When it comes to youth ministry the church has a gambling problem, according to Nashville-based youth expert Mark DeVries. In his important work, Sustainable Youth Ministry, he suggests that the practices of many churches in the work of youth ministry can only be described as gambling.
You know how it works: the committee puts together an appealing job description and interviews the candidates, hoping to find the brightest and most creative of the bunch. Then they throw together an appealing salary package and finally hand over the entire youth programming to a wide-eyed 20-something and hope that magic happens. They give little regard to the long-term costs or sacrifices that are actually needed to create a meaningful youth program and instead rely solely on the work of one person to do the trick.
The gambling goes even further when the church attempts to build the program out of order. For instance, if you build a state-of-the-art recreation center or youth room before you’ve taken the time to build relationships with the youth of the church or schedule the calendar of events. In either case, your church may have a gambling problem.

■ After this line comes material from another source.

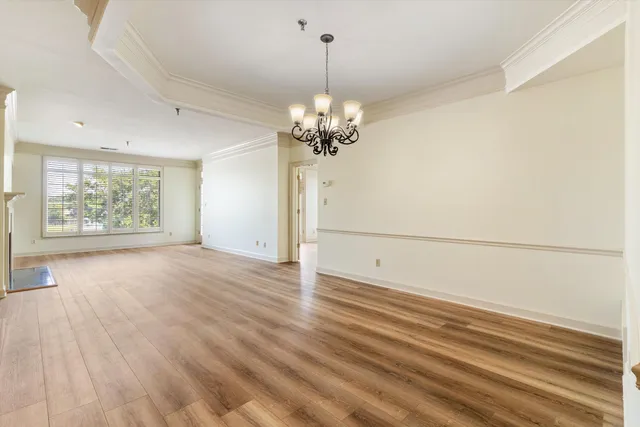 a kitchen with stainless steel appliances a stove and refrigerator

Here are some other signs that your church may be gambling with youth ministry:
- Do parents, laypeople, staff, the deacons or elders know what’s going on with the youth programming?
- Are there volunteers that are committing time every week to the work of the youth group? Have they built relationships over a year or more with the youth?
- Does your church budget reflect the investment it takes to create a meaningful youth program?
- Are the youth regularly integrated in larger parts of the church life, such as worship, committees, and planning?
- Is there a youth committee or group of elders to help enlist volunteers and support for the youth group?
- Do other pastors and ministers of the church show up semi-regularly to youth events?
- Will your church commit to the long-term structure and sacrificial investment it takes to grow a youth program over a number of years?
If the answer is “No” to most of these questions then your church may have a gambling problem and it will not serve the church, the youth, or the youth leader well at all. DeVries writes, “Gymnasiums, air-hockey tables, plasma TVs and leather couches don’t build thriving youth ministries; appropriate staffing, clear vision and structure do.”
The truth is even if your church is able to wrangle in the superstar youth minister who has the Jesus-like ability to draw crowds, or has done so in the past, this does not create ministries that sustain. If the church is not giving sacrificially to the work of that youth program, the youth leader will eventually burn out. What’s worse is what’s left: a void in the life of the church and the branded memory of “the way things used to be.” From now on, the church will look for someone they think will fill the void and the terrible truth is “the way things used to be” can never really be in our minds. And perhaps it never should, in my opinion.
While my time in youth ministry is nowhere near the scope and depth of DeVries, I’ve seen all the signs: pastors and deacons who have no idea what the youth program has been up to for years, adults who speak fondly of their rockstar youth minister but have no real connection to the ministry, and budgets and staff that don’t really reflect how much the church claims to love the youth.
With that said, I find myself (by luck) to be in a church that seems to be a wonderful place to build a thriving and sustainable youth ministry. At Highland Presbyterian Church in Winston-Salem, we have a church staff, including a pastor and minister of religious education, who are well-versed in the recent happenings of the youth group. They know the families, they know the rituals, and they commit to showing up and helping where they can. We have a group of youth advisors, committed volunteers who have showed up every week for youth gatherings for years now. And we have a youth committee, composed of elders, laypeople, parents, and youth who give long-term vision and wisdom to the youth program.
With all of these parties involved, we do exponentially more than I could ever dream of doing alone. It is truly a ministry of the church, rather than some side-bet.
While I have found great insight from DeVries on the work of youth ministry, I also wonder how much of this might be applied to the broader scope of the church. As churches across the spectrum feel the burdens of a post-Protestant era in America, how much more have we started to grasp at the gambling straws?
We gamble on the next pastor or the next program. We gamble on the consultant or the marketing. We gamble on this renovation project or that name change. And we very often long for the way things once were.
Instead of gambling, what if we did some of the harder work of creating sustainable ministries? What if we stopped looking to the woman or man that will save us and started looking to the people? After all, liturgy, from the Greek leitourgia, literally means “work of the people.” Shouldn’t everything we do as a church be the work of the people?
What if we stopped looking for one person and started looking to each other?
What if we talked about mission and values and witness instead of renovations and looks and prestige in the community?
What if we stopped doing a project here or there and started taking in the long view? What if we learned more about our neighbors? What if we built partnerships and said, “We’re here for the long-haul. We’re committing our time and our money and our resources and our people here for the next ten years or so. Let’s see what happens!”
What if we stopped gambling and started creating ministries that sustain and are sustaining for the lives of the people and the communities around us? Let’s hope that such questions can lead us into a more authentic and sustaining vision for the church in our day.